START DATA PROVIDED
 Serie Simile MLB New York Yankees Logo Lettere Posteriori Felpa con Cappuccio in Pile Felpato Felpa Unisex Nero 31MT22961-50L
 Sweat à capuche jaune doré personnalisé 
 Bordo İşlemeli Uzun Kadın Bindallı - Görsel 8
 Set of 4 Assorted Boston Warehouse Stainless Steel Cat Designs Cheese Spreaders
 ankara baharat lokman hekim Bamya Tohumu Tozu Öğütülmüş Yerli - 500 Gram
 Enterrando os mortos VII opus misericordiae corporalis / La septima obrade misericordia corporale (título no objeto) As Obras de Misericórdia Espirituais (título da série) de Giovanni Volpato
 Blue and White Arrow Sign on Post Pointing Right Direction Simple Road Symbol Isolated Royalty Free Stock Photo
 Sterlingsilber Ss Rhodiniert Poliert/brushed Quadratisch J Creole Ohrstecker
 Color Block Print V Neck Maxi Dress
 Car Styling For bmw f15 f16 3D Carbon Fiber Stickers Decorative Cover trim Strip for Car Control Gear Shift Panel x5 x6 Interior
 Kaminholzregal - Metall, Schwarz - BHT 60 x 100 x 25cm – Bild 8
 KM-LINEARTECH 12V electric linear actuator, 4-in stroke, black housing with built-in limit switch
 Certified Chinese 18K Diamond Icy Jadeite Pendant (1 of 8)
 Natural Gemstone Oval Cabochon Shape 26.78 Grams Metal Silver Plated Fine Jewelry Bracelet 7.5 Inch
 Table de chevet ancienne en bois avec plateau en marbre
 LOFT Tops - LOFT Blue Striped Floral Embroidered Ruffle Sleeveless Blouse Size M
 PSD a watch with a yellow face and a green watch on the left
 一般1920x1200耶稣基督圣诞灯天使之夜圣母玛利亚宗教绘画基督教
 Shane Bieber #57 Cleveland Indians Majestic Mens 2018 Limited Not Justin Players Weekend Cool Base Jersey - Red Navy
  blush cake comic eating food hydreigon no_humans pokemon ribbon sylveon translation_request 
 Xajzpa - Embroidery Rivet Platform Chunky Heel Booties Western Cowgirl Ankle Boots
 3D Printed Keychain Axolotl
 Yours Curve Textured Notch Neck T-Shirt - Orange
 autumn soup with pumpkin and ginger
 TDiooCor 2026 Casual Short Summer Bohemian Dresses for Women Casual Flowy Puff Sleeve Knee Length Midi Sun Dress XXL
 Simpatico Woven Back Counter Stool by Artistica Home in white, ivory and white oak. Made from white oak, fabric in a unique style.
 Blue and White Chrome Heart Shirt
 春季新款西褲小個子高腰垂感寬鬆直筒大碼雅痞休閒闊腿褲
END DATA PROVIDED
▸ WHAT IS EXPECTED: Output each line exactly, from the first line of the data down to the line that contains "PSD a watch", both included.

▸ ANSWER:
 Serie Simile MLB New York Yankees Logo Lettere Posteriori Felpa con Cappuccio in Pile Felpato Felpa Unisex Nero 31MT22961-50L
 Sweat à capuche jaune doré personnalisé 
 Bordo İşlemeli Uzun Kadın Bindallı - Görsel 8
 Set of 4 Assorted Boston Warehouse Stainless Steel Cat Designs Cheese Spreaders
 ankara baharat lokman hekim Bamya Tohumu Tozu Öğütülmüş Yerli - 500 Gram
 Enterrando os mortos VII opus misericordiae corporalis / La septima obrade misericordia corporale (título no objeto) As Obras de Misericórdia Espirituais (título da série) de Giovanni Volpato
 Blue and White Arrow Sign on Post Pointing Right Direction Simple Road Symbol Isolated Royalty Free Stock Photo
 Sterlingsilber Ss Rhodiniert Poliert/brushed Quadratisch J Creole Ohrstecker
 Color Block Print V Neck Maxi Dress
 Car Styling For bmw f15 f16 3D Carbon Fiber Stickers Decorative Cover trim Strip for Car Control Gear Shift Panel x5 x6 Interior
 Kaminholzregal - Metall, Schwarz - BHT 60 x 100 x 25cm – Bild 8
 KM-LINEARTECH 12V electric linear actuator, 4-in stroke, black housing with built-in limit switch
 Certified Chinese 18K Diamond Icy Jadeite Pendant (1 of 8)
 Natural Gemstone Oval Cabochon Shape 26.78 Grams Metal Silver Plated Fine Jewelry Bracelet 7.5 Inch
 Table de chevet ancienne en bois avec plateau en marbre
 LOFT Tops - LOFT Blue Striped Floral Embroidered Ruffle Sleeveless Blouse Size M
 PSD a watch with a yellow face and a green watch on the left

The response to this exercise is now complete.